Che
sebbene ecco vedi non tanto quanto i rospi parlanti di un Wizard Barristers –
esibente, contuttoché, una premessa da action movie su treno né pure se
di antologie del cinema di Tsui Hark – quest’original anime video
datato 2000 si regala un Umetsu di obiettivi a bastanza complementari, burlieri
già quandoché la cyberbambola sessuoide innesca le reazioni al plastico, fin
all’impiego casualmente disordinario che si fa
del massacramento, nell’ordine di una connotazione troncante, di stremità e
bulbi oculari circa forse
a misura di A-Kite, e se non
peggio, ma in uno spazio di laconicità che è di calci acrobatici sospesi
nelle arie, roteanti, nel durante a bolge di fucilami attinenti ingegnerie
metriche proprietarie, tali che a un concerto di musica lirica o a un
congresso di guardie del corpo come banche del sangue ambulanti, e le direzioni
di camera sono calcolate: versificano, sotto luce, in un incirca di celerazione
geometristica risolvente allo sfasciamento di calcinacci e pareti,
allorché il regista intende conseguire un’animato di scoppio oggettuale, o
più di preciso di scomponimenti cranici, a suo uso preludenti a vertiginevoli cadute dal
cinquantunesimo piano o giù di lì.
È che non si fa di meno del premonire gli stati
transitori di shock, dai quali trafila ancora uno schermo di paralisi, di trauma
e vaga psicocinesi; tutto considerato, il tono dell’ultraverso futuristico di
Umetsu, ippocampale, deve rifocillarsi di angosce, lacerazioni, e di fotografie
sovraimprimenti, quindi che allora l’anime non reca eccezione pur esimendosi
della giustificatura consequente, e disimpegnandosi, non che facendo per cui un poco di
crossover
autoreferenziale – nell’inizio, dove parlano di omicidi e una ragazza a Noi nota,
passante per di lì, fa di volgersi alla cinepresa – di mezzo a una conoscenza
contabilistica di certi tempi umoristici, e rocamboleschi, pari ai generi
criminaleschi domiciliati a Hong Kong, nei medi anni ’90, benché invero Mezzo
Forte elevi la sua scrittura e le sue battute, non banali pure nel quando
s’indulge all’atto, da cui il malinteso di ridurre l’opera di Umetsu all’hentai
trastullatorio sancibile di scomunica; al contrario, il film s’intrattiene su
questo allenato commedismo danzante, che è un po’ circense, dal taekwondo al
repertorio di mosse ubriacanti di Jackie Chan, peraltro funzionali a una
microregione di trame parallele da lasciar scoperte.

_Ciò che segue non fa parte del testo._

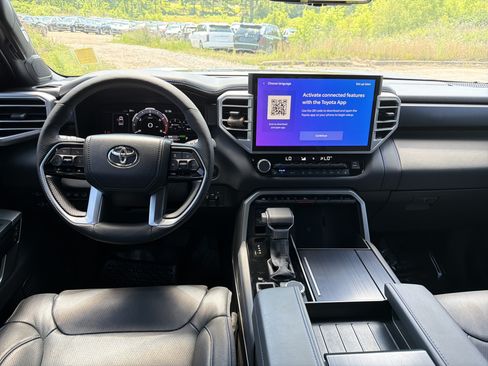Used 2025 Toyota Tundra Platinum AWD/4WD image 23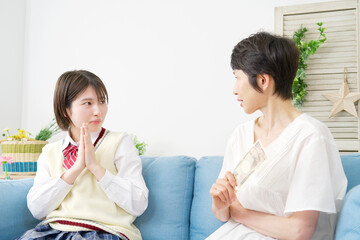 自宅で母親お小遣いをねだる高校生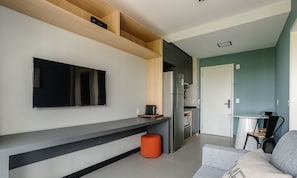 Basic Apartment | Living area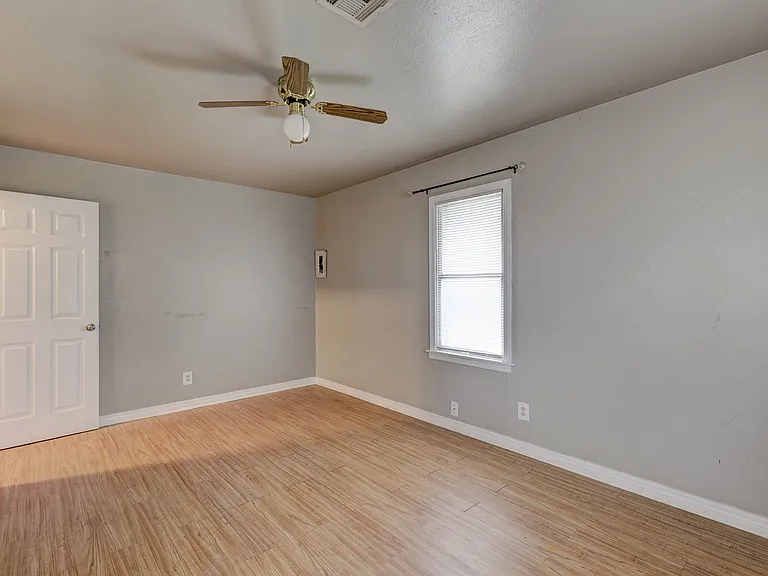 2849 Cambridge Ct — Photo 3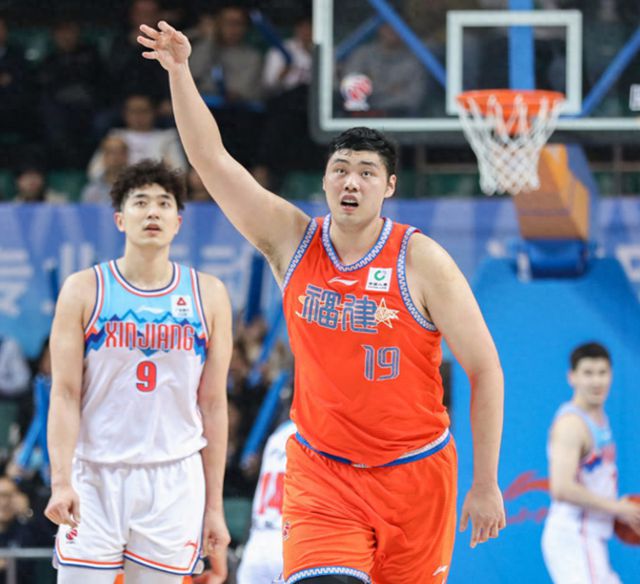 山东男篮赛季高开低走，球员动态及各队情况全解析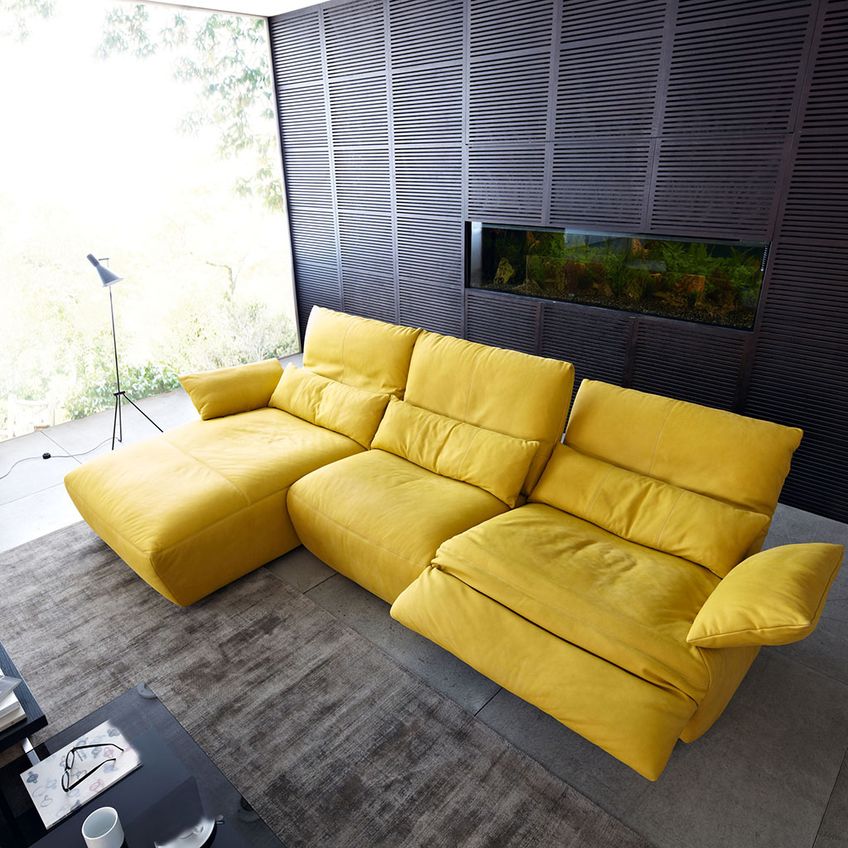 Komfort-Trends im Wohnzimmer: Ein bequemes Sofa lässt den Alltag Alltag sein.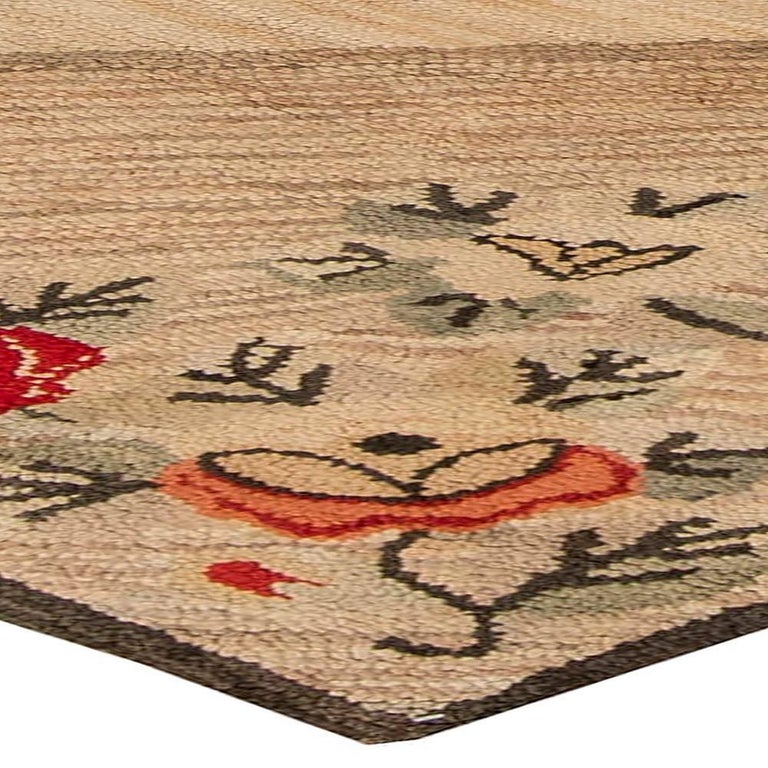 Vintage Hooked Rug For Sale at 1stdibs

E dirimere per un sequel
in tredici episodi.
Valse il sacrificio di setacciare il frame,
così a intuire che non ne servissero tantissimi a quest’ordito di scelte
coloristiche illecite, e feticizzanti di assai oltre l’onere del disegno, a
largo
beneficio di un porporato di nevrastenia a macchie e sistemi di forze, e di
contrappesi da convertire a coreografismi arancio-spandex veramente
stringatissimi, che Noi intanto si continua fermamente a credere che la miglior
dote registica che Yasuomi Umetsu ha portato al dōga eiga nazionale – e per
diretta conoscenza alle contemporanee arti cinematografiche – conviene
all’irroramento del seme voyeurista, germinante di sopra al rigorismo e
prosperante rispetto a un imperativo testimoniarsi ai registri dell’exploitation
sperimentale, or che anzi di prostituirsi all’erotismo da banco Mezzo Forte,
attraverso il Morse elegante dell’autore, spicca di espressioni e
suggestionamenti, e va a superare la classificatura del simpatetismo di gregge,
staccandosi dalle culture basse, adolescenti e sbrigative delle fiere del
fumetto. Ma si troverà il modo di farlo vedere, a questi qua. Diremo loro che si
tratta del film di Violet Evergarden per poi zac, ritrovarci diritti alla
sequenza del threesome coi brutti ceffi, tra momenti di finto
panico e spontanee erezioni, e poi magari tempo due anni, acquisita la maggiore
età, succede che ci ringraziano. Nei primi 2000, Mezzo Forte sa di emancipazione.
Dell’animazione. Del classico d’azione. E di certa evacuazione hardcore che dice
di letteratura. Scrive pagine di cinema.